Data extract:
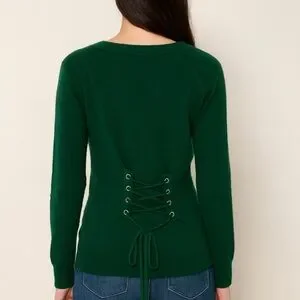 Sandro Paris -Ivana Corset-Back Wool Cashmere Cardigan Green Sweater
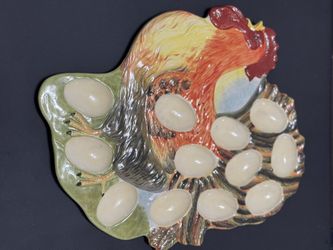 Vintage Susan Wingets Deviled Egg Platter Holiday 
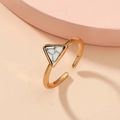 Adjustable gold open toe ring featuring a triangular white turquoise stone inlay - Adjustable Open / White KC Gold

What you should do: From the line containing "Vintage Susan Wingets" to the end of the listing, restate each line word for word and nothing more; the pictures stay out.

Response box:
 Vintage Susan Wingets Deviled Egg Platter Holiday 
 Adjustable gold open toe ring featuring a triangular white turquoise stone inlay - Adjustable Open / White KC Gold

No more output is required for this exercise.